Reproduce, unchanged, the lines between the one holding "Appartement in Badhotel Bruin met balkon" and the last line of the records, including both ends, but no pictures.

::::::::

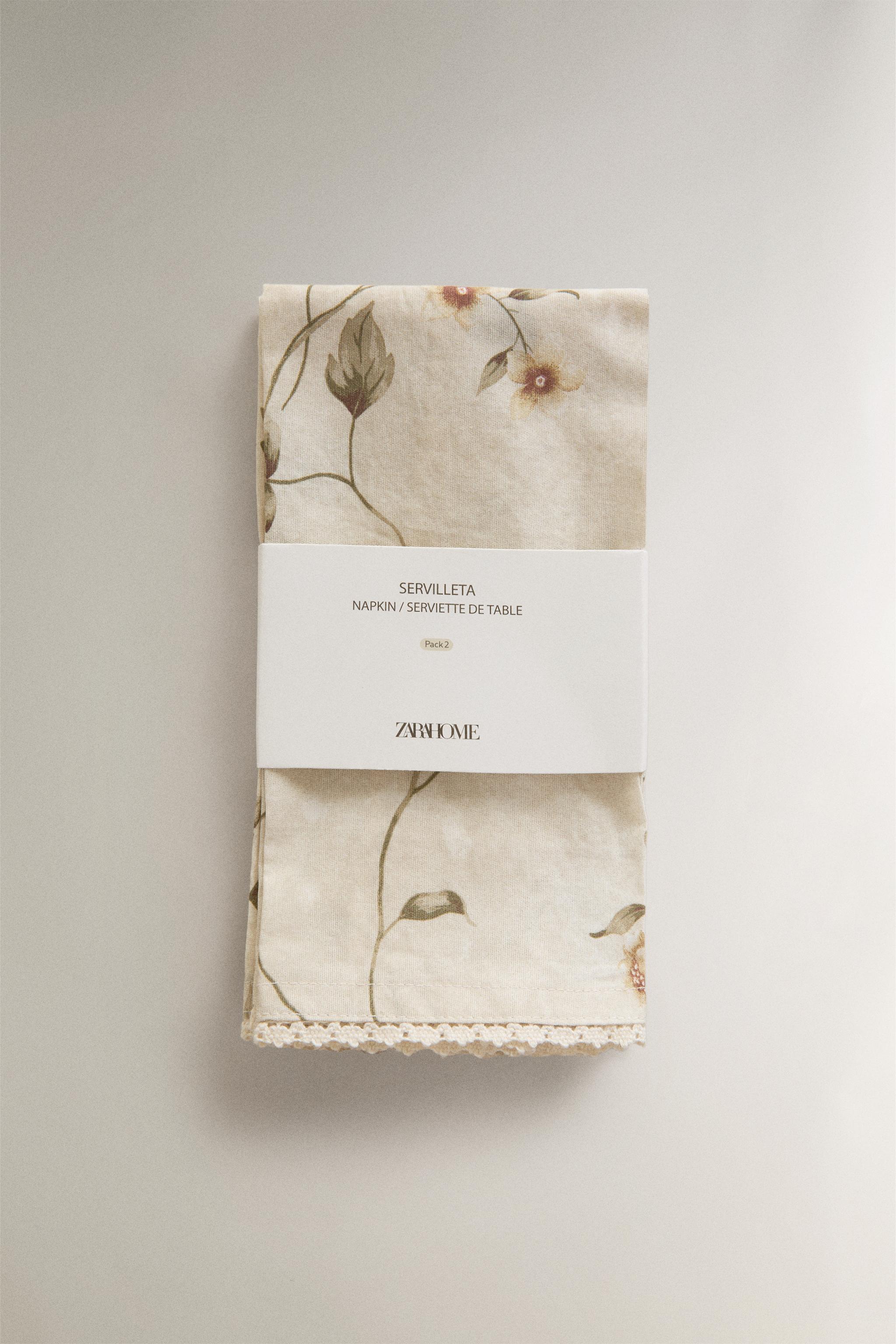 LOT DE 2 SERVIETTES IMPRIMÉ FLORAL ET DENTELLE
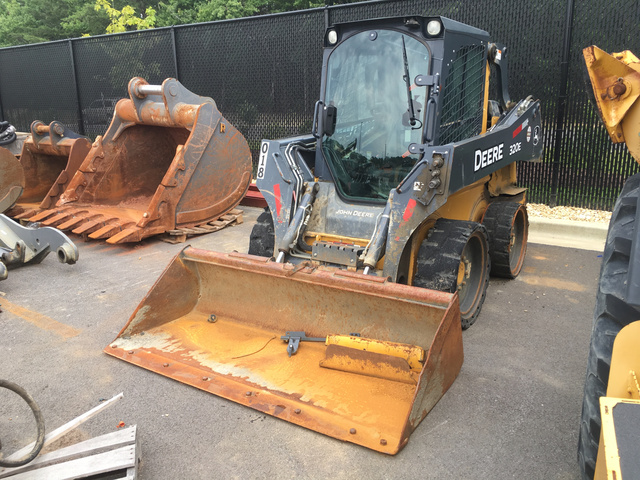 2015 John Deere 320E Skid-Steer Loader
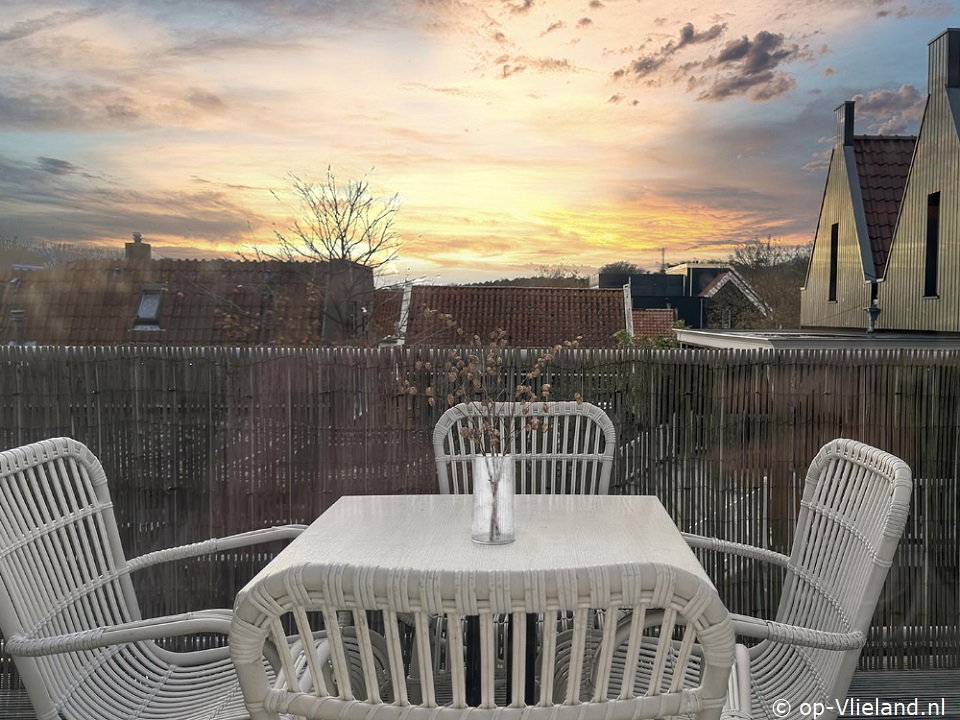 Appartement in Badhotel Bruin met balkon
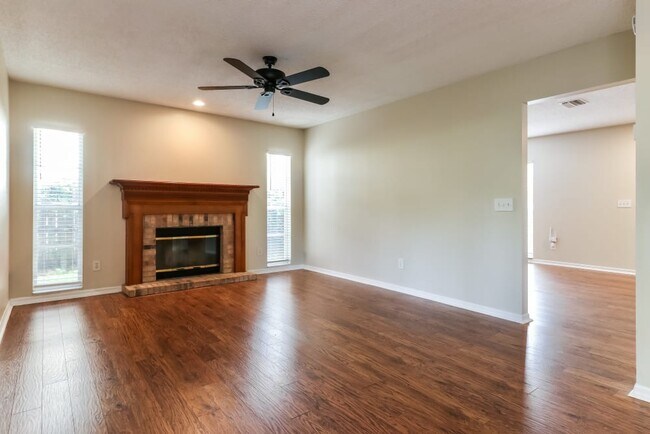 Living room - 9703 Pleasant Run Way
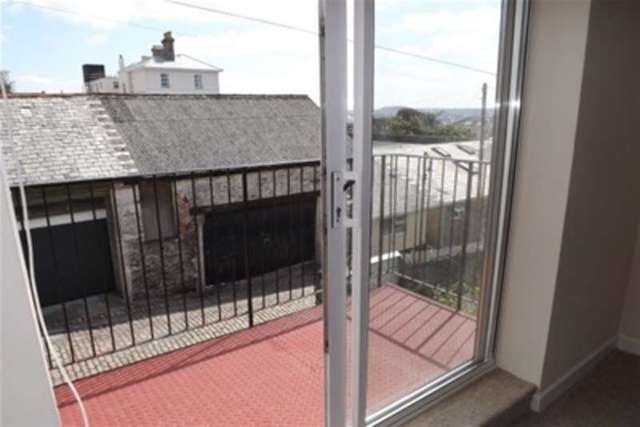  Image of 2 bedroom Maisonette to rent in Diamond Avenue Plymouth PL4 at Plymouth, PL4 8QD
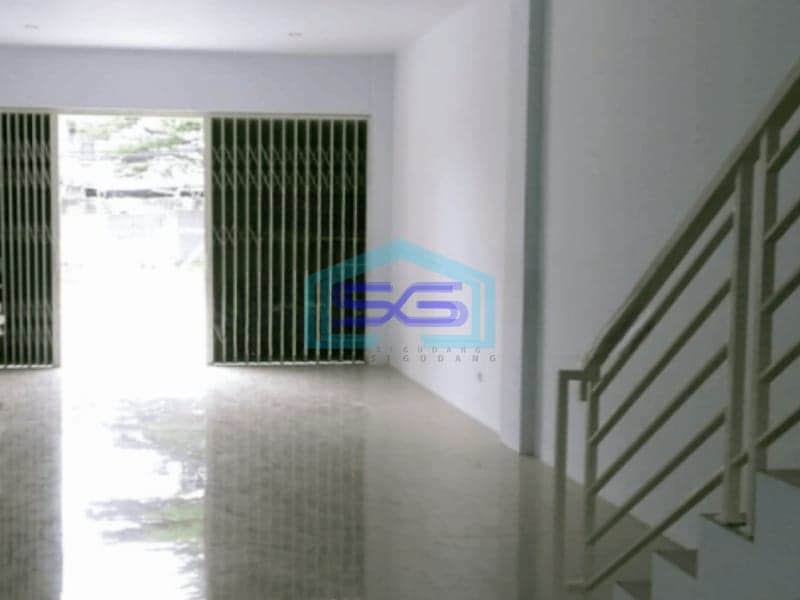 Disewakan Ruko Di Jl. H.Nawi Jakarta Selatan Luas Tanah 105m2
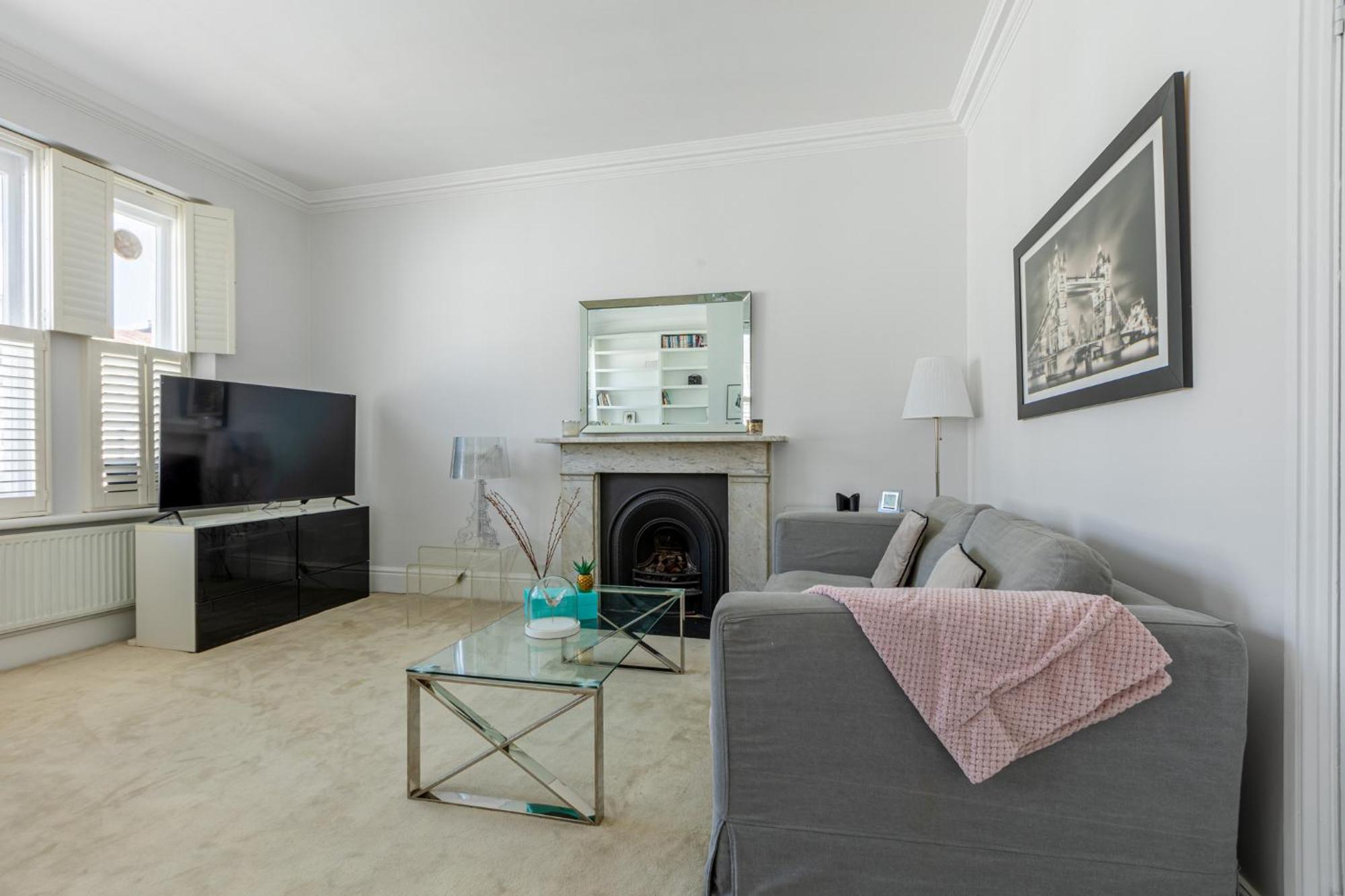 Brigth & Beautiful 1br Flat In Earls Court * Londres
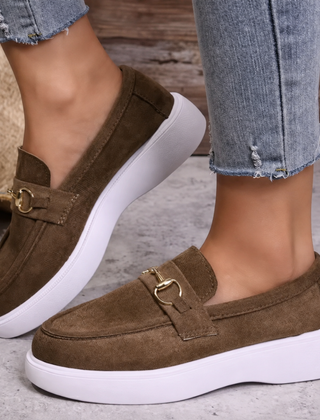 Mocassini marroni slip-on con morsetto dorato e suola platform bianca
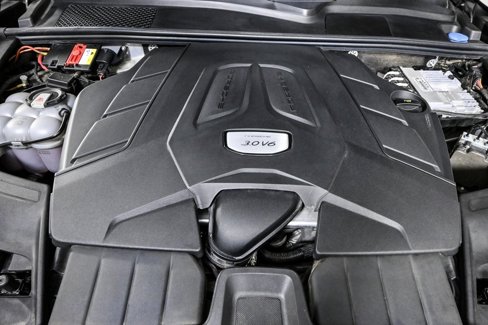 Certified 2020 Porsche Cayenne image 38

::::::::

Output of the exercise:
 Appartement in Badhotel Bruin met balkon
 Living room - 9703 Pleasant Run Way
  Image of 2 bedroom Maisonette to rent in Diamond Avenue Plymouth PL4 at Plymouth, PL4 8QD
 Disewakan Ruko Di Jl. H.Nawi Jakarta Selatan Luas Tanah 105m2
 Brigth & Beautiful 1br Flat In Earls Court * Londres
 Mocassini marroni slip-on con morsetto dorato e suola platform bianca
 Certified 2020 Porsche Cayenne image 38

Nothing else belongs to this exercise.